• [MATERIAL SHOWN]:
....
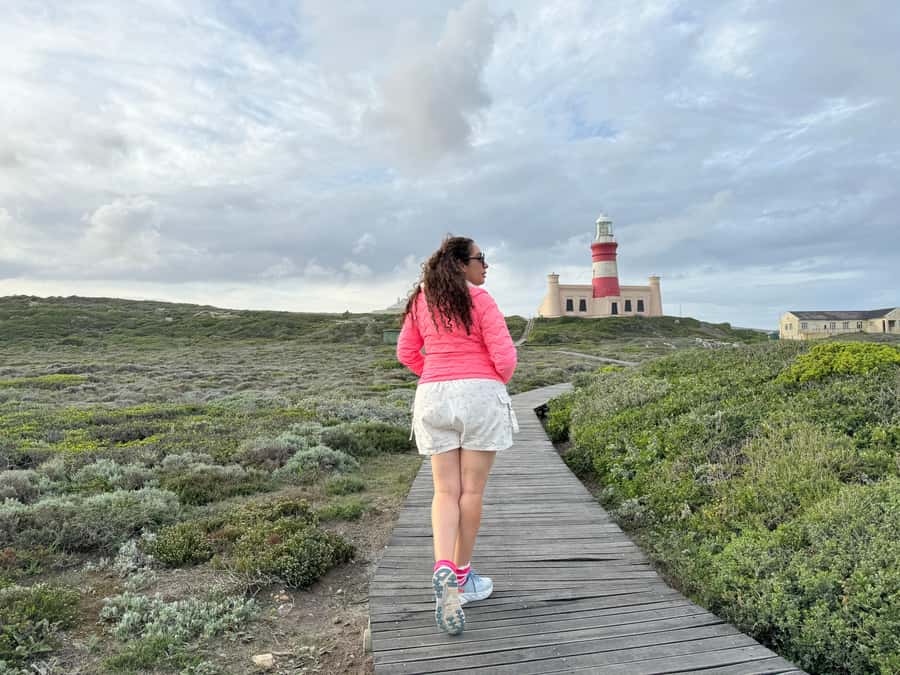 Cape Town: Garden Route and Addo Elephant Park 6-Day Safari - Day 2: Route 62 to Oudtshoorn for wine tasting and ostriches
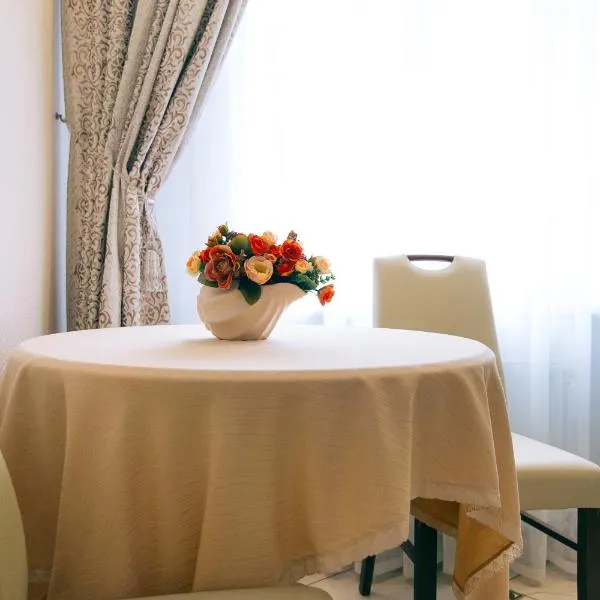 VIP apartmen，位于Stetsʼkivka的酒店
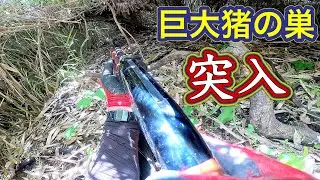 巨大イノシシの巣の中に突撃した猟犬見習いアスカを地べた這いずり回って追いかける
....
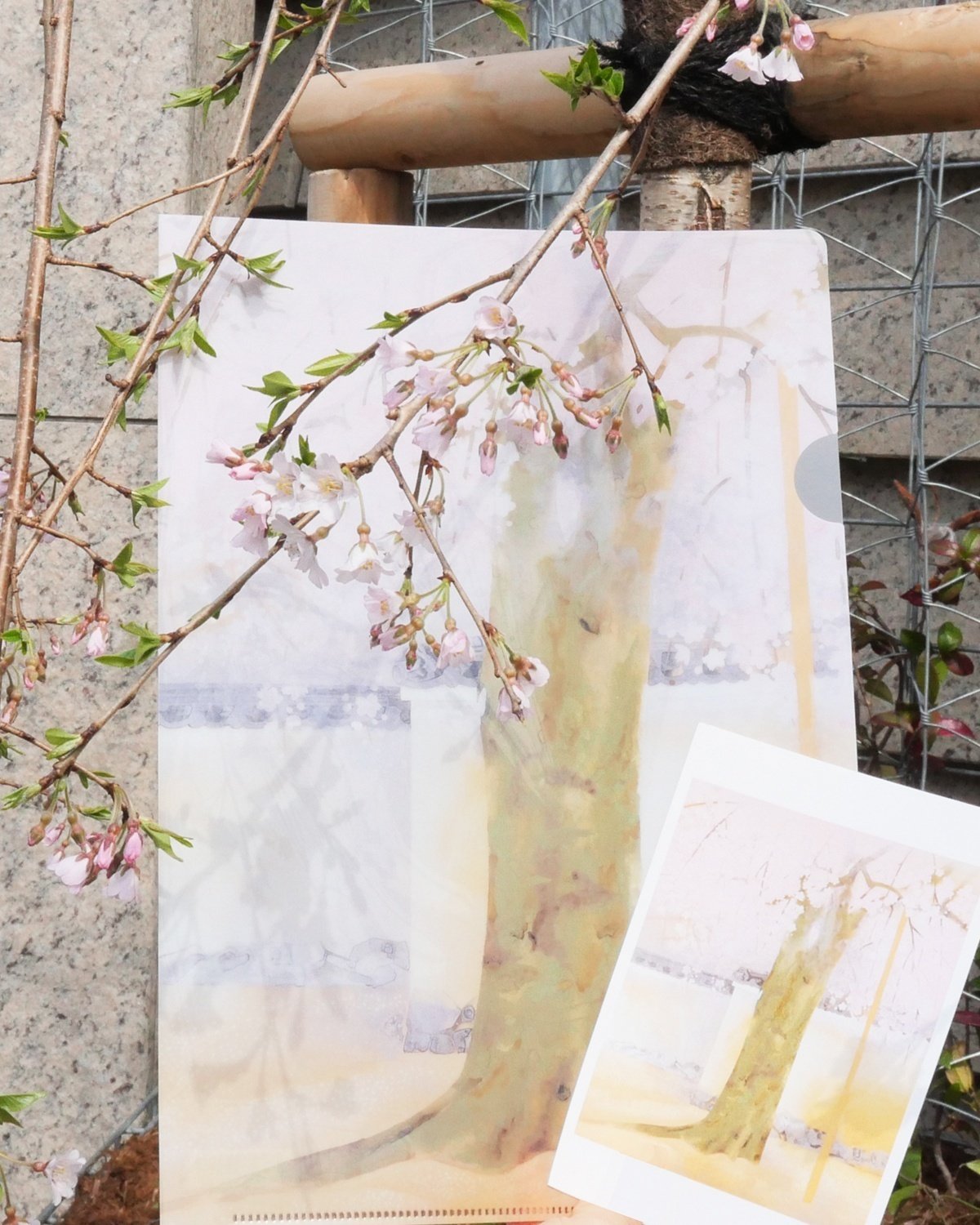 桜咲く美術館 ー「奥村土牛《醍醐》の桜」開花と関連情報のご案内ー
....
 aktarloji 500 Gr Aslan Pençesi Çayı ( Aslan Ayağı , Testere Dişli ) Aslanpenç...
....
• [REQUIRED ACTION]: The result should be an exact copy of only the lines above from the one that holds "VIP apartmen，位于Stetsʼkivka的酒店" through the one that holds "巨大イノシシの巣の中に突撃した猟犬見習いアスカを地べた這いずり回って追いかける", both ends included, without pictures.

• [ANSWER BELOW]:
 VIP apartmen，位于Stetsʼkivka的酒店
 巨大イノシシの巣の中に突撃した猟犬見習いアスカを地べた這いずり回って追いかける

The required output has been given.